## REQUIREMENT
Below are the records; retype them exactly and omit each picture.

(Captioned web images)
*** Begin section ***

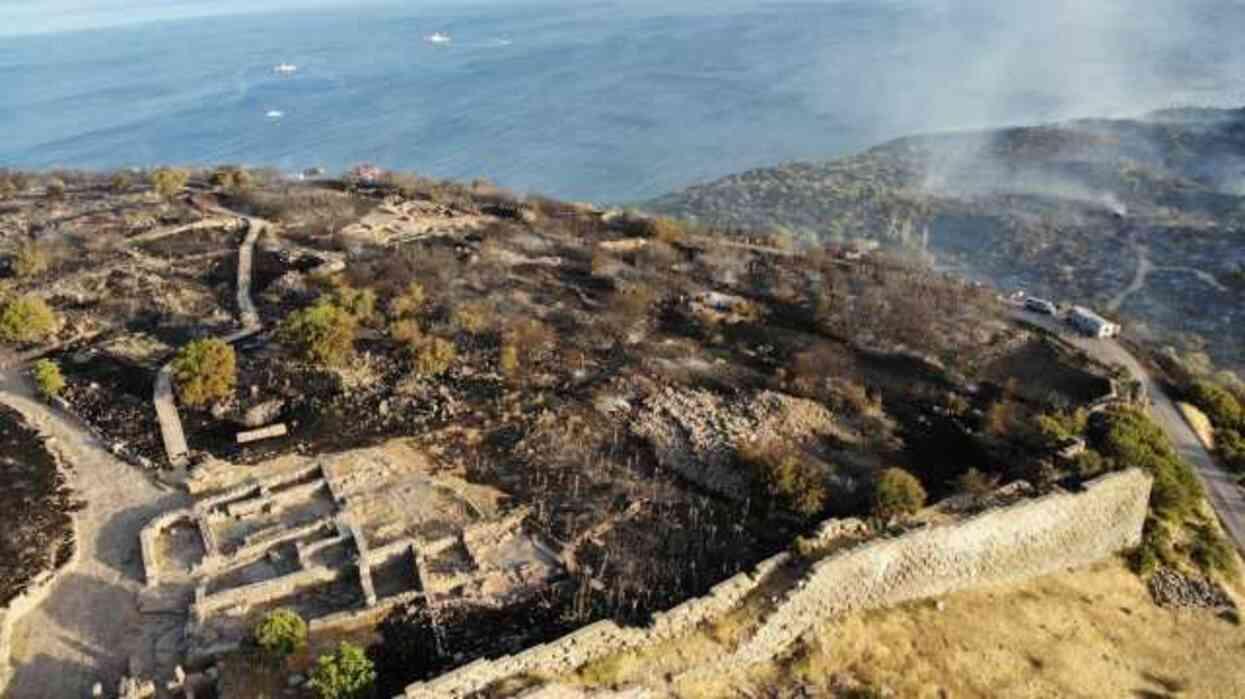 Çanakkale'de orman yangını! Alevler dünyaca ünlü Assos Antik Kenti'ne sıçradı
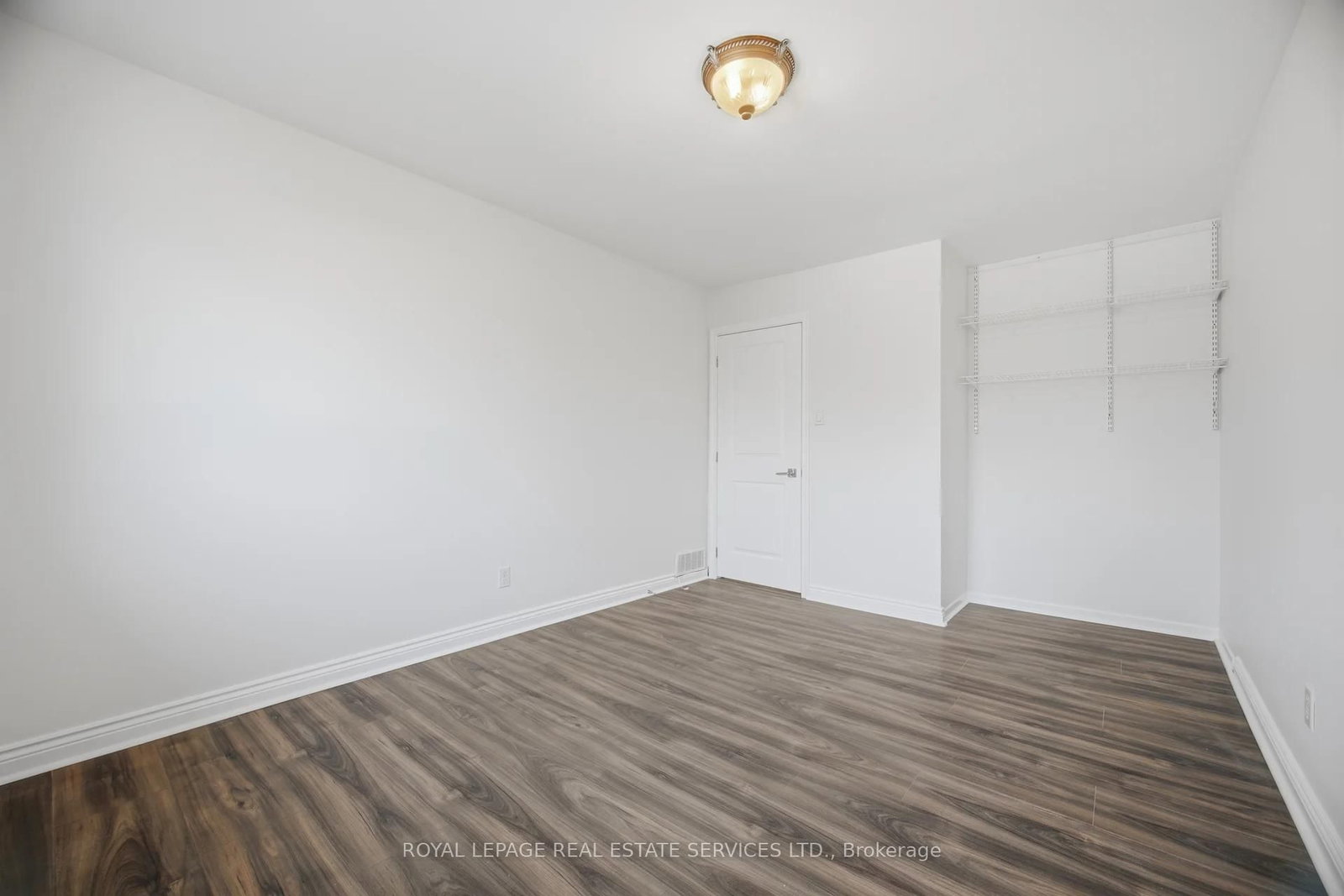 Detached House for sale at 142 Osborne Crescent, Oakville, Ontario, L6M 1G1 - College Park - MLS: W12982136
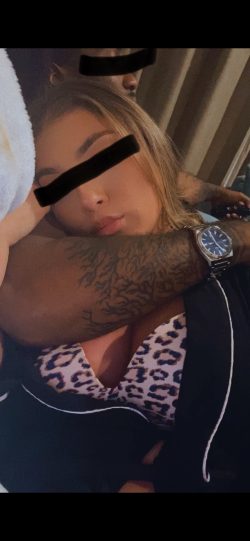 A&J House OnlyFans Leaked Videos & Photos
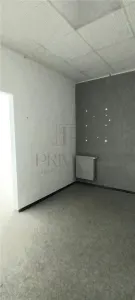 Spatiu  birouri  etaj 1- Aradului - foto 12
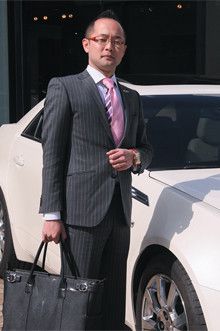 <strong>長尾政和</strong>●ヤナセグローバルモーターズ名古屋支店販売課。1978年、愛知県生まれ。中日本自動車短期大学卒業後、99年ヤナセ入社。6年メカニックの仕事をした後、現職に異動。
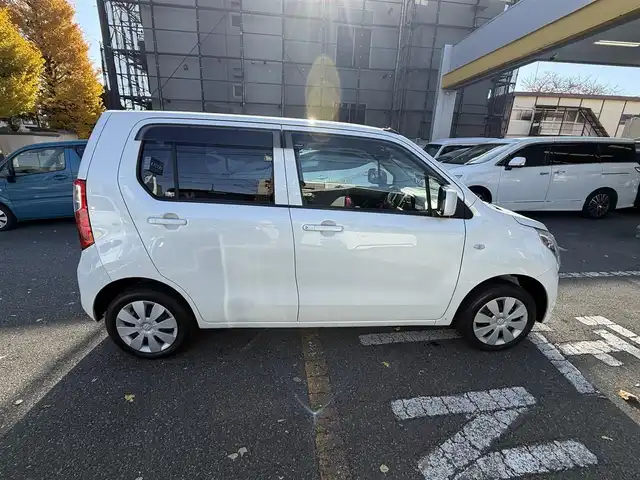 スズキ ワゴンＲ FX 神奈川県 2013(平25)年 3.6万km パール 4WD/マニュアル/メモリナビ(TV無し）/フォグランプ/シートヒーター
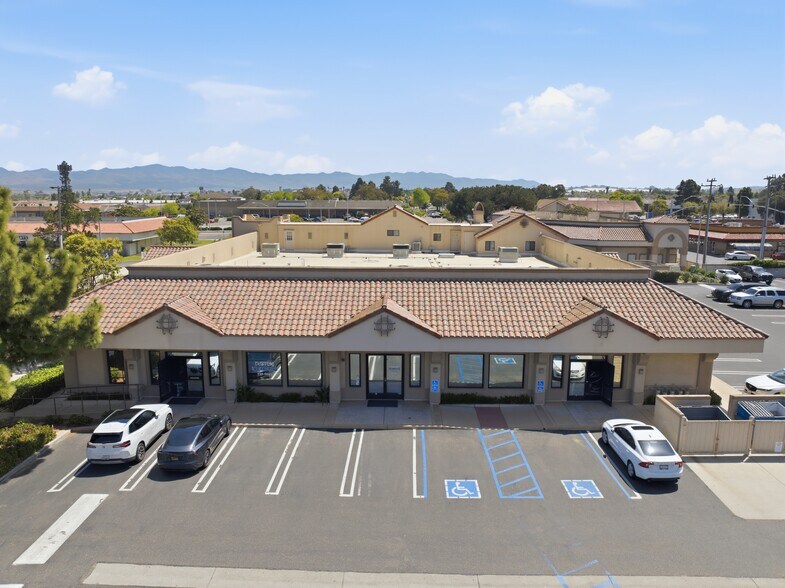 More Photos Of , Santa Maria General Retail For Sale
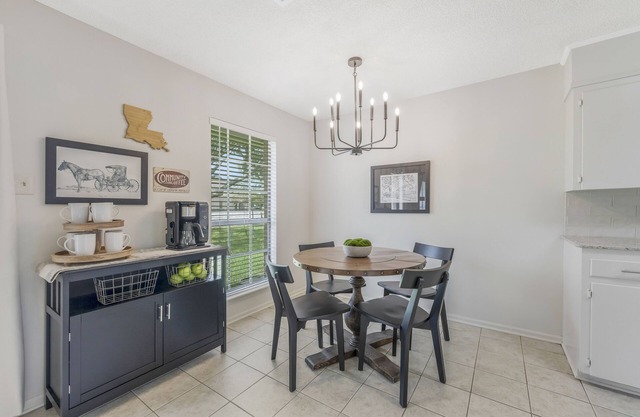 New Listing! Great location in Lafayette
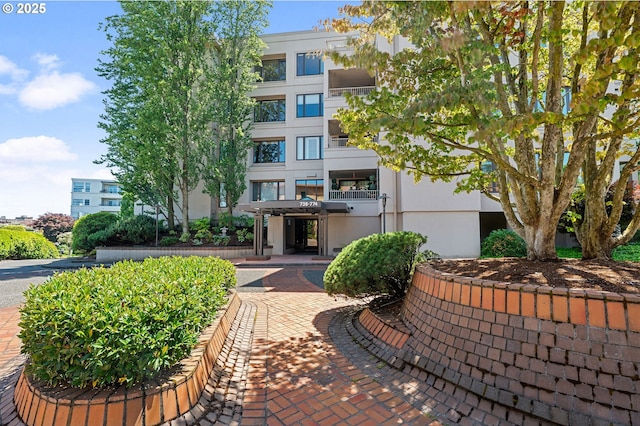 766 NW Westover Sq, Portland, OR 97210 - view of property
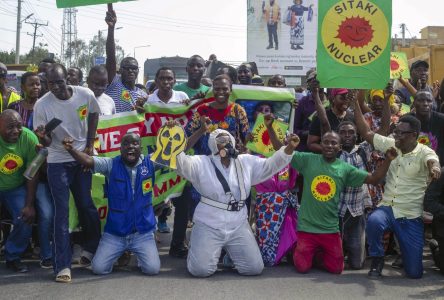 Manifestation contre un projet de construction d’une centrale nucléaire au Kenya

*** End section ***

## RESULT OF THE TASK
 Çanakkale'de orman yangını! Alevler dünyaca ünlü Assos Antik Kenti'ne sıçradı
 Detached House for sale at 142 Osborne Crescent, Oakville, Ontario, L6M 1G1 - College Park - MLS: W12982136
 A&J House OnlyFans Leaked Videos & Photos
 Spatiu  birouri  etaj 1- Aradului - foto 12
 <strong>長尾政和</strong>●ヤナセグローバルモーターズ名古屋支店販売課。1978年、愛知県生まれ。中日本自動車短期大学卒業後、99年ヤナセ入社。6年メカニックの仕事をした後、現職に異動。
 スズキ ワゴンＲ FX 神奈川県 2013(平25)年 3.6万km パール 4WD/マニュアル/メモリナビ(TV無し）/フォグランプ/シートヒーター
 More Photos Of , Santa Maria General Retail For Sale
 New Listing! Great location in Lafayette
 766 NW Westover Sq, Portland, OR 97210 - view of property
 Manifestation contre un projet de construction d’une centrale nucléaire au Kenya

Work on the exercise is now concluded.